The left half of the chart involves the emotional world where we can enjoy the benefits of warmth, caring, affection and attachment.  It is through the individuals who inhabit these two columns that we are able to experience life, both troubles and happiness.  We are able to share our inmost selves and can invite them to do the same. 

 

The right half of the chart involves the practical world and is populated for the most part by people we have not chosen.  These are most often surface relationships, but can be consuming of our emotional attention if we do not have good boundaries.  It is possible to gain gratitude, respect, recognition and approval from the people who inhabit the practical world side of the chart; but not affection.  One does not earn affection, especially from people who might very well not like you.  You could make someone rich, but in his heart that person might loathe you. 

 

You will notice that the word “Share” occurs in the first three columns of “Range of involvement,” but not in the “Dislike” column.  In lecturing about this, I will often leave this space blank, inviting guesses as to what belongs there.  Often people will say, “Ignore,” or “Tell them you don’t like them,” or “Be rude.”  The problem with these responses is that they all represent deep sharing about how one feels, the very thing that should be reserved for the people in the left two columns.  Also, there is the possibility that your dislike could possibly be very hurtful, even devastating to another person. 

 

There are lots of us who believe that if we dislike someone, we must be able to justify the feeling or prove the other person to be inherently dislikeable.  This is to basically misunderstand something that Emerson noticed in his essay, “Solitude and Society,” wherein he talks about what it really means to have “society,” that is heart-felt connection to another person.  He writes, “I cannot go to the homes of my nearest relatives because I do not wish to feel alone.  Society is by chemical affinity and not else.” 

 

One only has to listen to the words of Sancho Panza singing his pliant to Dulcinea, “I Like Him,” to understand that affection is not an entirely logical process.  Disliking is also not a logical or quantitative process.  Affection is a bit more mysterious than that and needs to be one of the great quests of our lives.
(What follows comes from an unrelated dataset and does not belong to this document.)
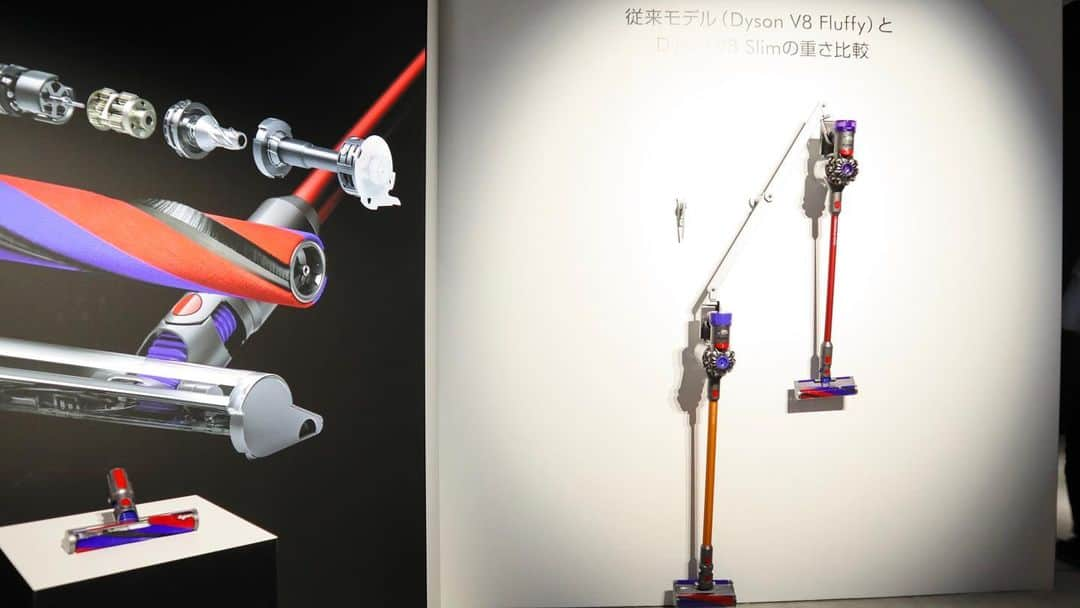 nanaさんのインスタグラム写真 - (nanaInstagram)「ㅤ @dyson から新しく発売された｢dyson v8 slim｣を 体験してきてんけど𓀙𓀙 ㅤ これ、狭い我が家にぴったりで🥺 欲しい🤤🤤 ㅤ ㅤ #dysonv8slim コードレスクリーナーは 日本の住環境の為に開発された 日本限定発売された新製品✨ ㅤ 40%も小型、軽量化された 新しいスリムソフトローラークリーナーヘッド😍 クリーナーヘッドだけでなくて パイプ部分よりも短く軽くされてるから 質量が2.15kgと軽い🤤🤤 ㅤ しかもしかも性能は 他の軽量コードレスクリーナーが 取り切れなかった微細なホコリも 取ってくれるという‼️ 素晴らしい👏😍 ㅤ ㅤ まさに｢小型化、軽量化｣と ｢吸引力｣のバランスが最適やねん✨✨ ㅤ ㅤ 実際に手に取って使用してみてんけど 細い狭い隙間も掃除できるし 小回りきくし、とにかく軽くていい❤️ ㅤ ほんま、うちにぴったり😂🤤 ほんまにほんまに欲しい🤤🤤🤤 ㅤ ㅤ 会場では他に 精巧に作られたミニチュアアートのブースや dysonの分解/組み立てを体感できたりなど 見て聞いて触れて、楽しいイベントやった😍😇 ㅤ ㅤ ㅤ いやー、ほんま欲しい🤤💓 ㅤ ㅤ ㅤ ㅤ ㅤ ㅤ #ダイソンな暮らし #ダイソンv8スリム #pr #掃除機 #コードレスクリーナー #クリーナー #ダイソン #dyson #写真好きな人と繋がりたい #カメラ女子 #カメラ好きな人と繋がりたい #ファインダー越しの私の世界 #家電 #電化製品」8月30日 16時58分 - nanapanda517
We need to watch for, in the words of John Burroughs in his poem, “Waiting,” “The friends I seek are seeking me.”

 

In looking at this chart years ago, one of my colleagues said, “You need to balance the other end with ‘hate,’ the opposite of love.  I disagreed then and do now.  Hate is not a feeling.  It is a mental state that brooks no other attitudes toward an individual or group.  It allows for no transition, no amelioration of its conclusions and is toxic.  In the grasp of hate there is no empathy, no compassion, and no forgiveness.  It is and has always been the singular great evil.

 

Ed Koch, the former late mayor of New York City said years ago, “If you agree with me on seven of ten of my proposals, vote for me.  If you agree with all ten, see a therapist! If you find yourself hating even one person, seek the help you need to rid yourself of this burden.  Martin Luther King noted that, ‘Even if you could kill the object of your hate, it would not kill your hate.’” It is, after all, not on the above chart of human relationships.  It is not one of the categories.